本誌さっそくですが大臣、昨日(4月23日)の自民党政調会役員との懇談会の席上、鈴木首相は「世論が高まっている現代を逃すと行財政改革はできない」。

また、57年度予算編成については「増税なき財政再建を進めるために、一般歳出は今年と同額にならざるをえない。シーリング(予算概算要求ワク)は、6月の上旬、あるいは中旬に提示することになるが、各省庁には伸び率ゼロの概算要求作りに真剣に取り組んでもらいたい」と、行財政改革についての協力を強く要請されたそうですね。

中曽根そうです。

本誌鈴木首相も、最近では行政改革、財政改革と分けて言わずに、行財政改革という言葉をさかんに使っておられますが、この間の国会討論会で中曽根大臣も強調されていましたように、「行政」を「改革」するためには、当然のことながら、例えば、不公平税制の是正が裏打ちされていなければならないし、あるいはプライバシーとかいろんな問題等が新たにリンクしていくもんであるわけですね。

飯塚そうそう。全国の会員から電話が入りましたよ。中曽根大臣が、要するに、行政改革1本だけじゃあいかんのだ、と。その次に不公平税制の是正をやらなければ云々、ということを言われていたという話が……。

中曽根ほほう。いや、“栄養失調の行革”じゃあ、いかんと言うんです。

行革というのは、なにも「補助金カット」ばかりじゃないと、そういうふうな話をしたんですよ(笑い)。

本誌で、いかがですか。大臣のほうのご計画は、思った方向に進んでおりますか。

中曽根ええ。
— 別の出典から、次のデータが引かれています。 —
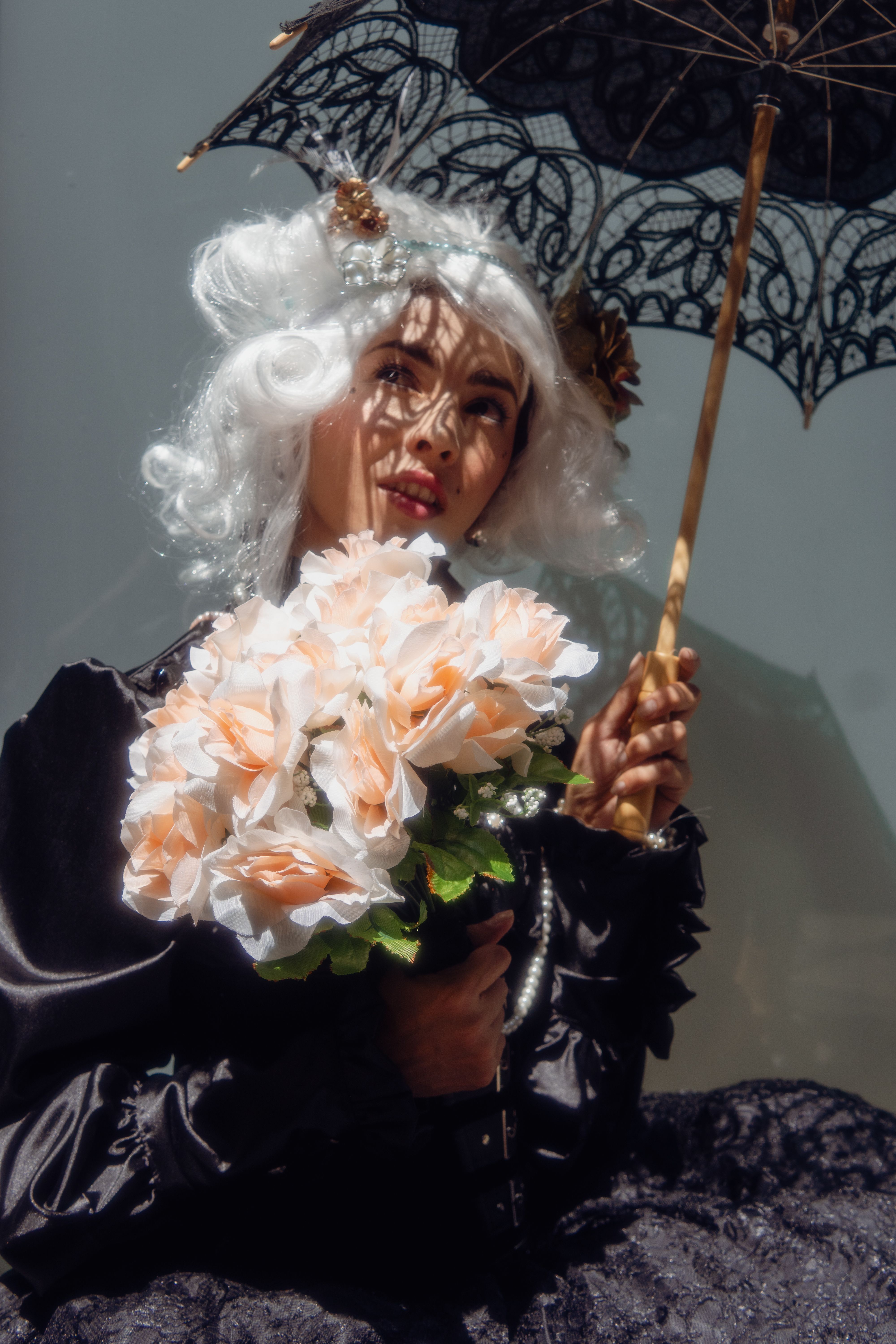 Elegant historical portrait with a woman holding a bouquet and parasol.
だいたい思っている方向に、時間的にも進んでおりますね。

譬えていいますと、走り高飛びの助走がすんで、エイッ、とばかりに3メートルの高さのバーをクリヤーできるかどうかの、勝負どころに入って来ましたね(笑い)

飯塚あはははは……。

しかし、大臣、こういう時節ですからね、「総論」では正面きって反対もできないんで、やろうやろう、賛成だ、という感じなんですが、いよいよ「各論」に入ってくると、これからなかなか、内外ともども、大変じゃないかなあ、という気がしますね。

中曽根まさに、そうですね。

ですからね、一番大事なことは、こちらのスタンスをしっかりさせるということ。たとえ何が起ころうともたじろがないということが大事だと思いますね。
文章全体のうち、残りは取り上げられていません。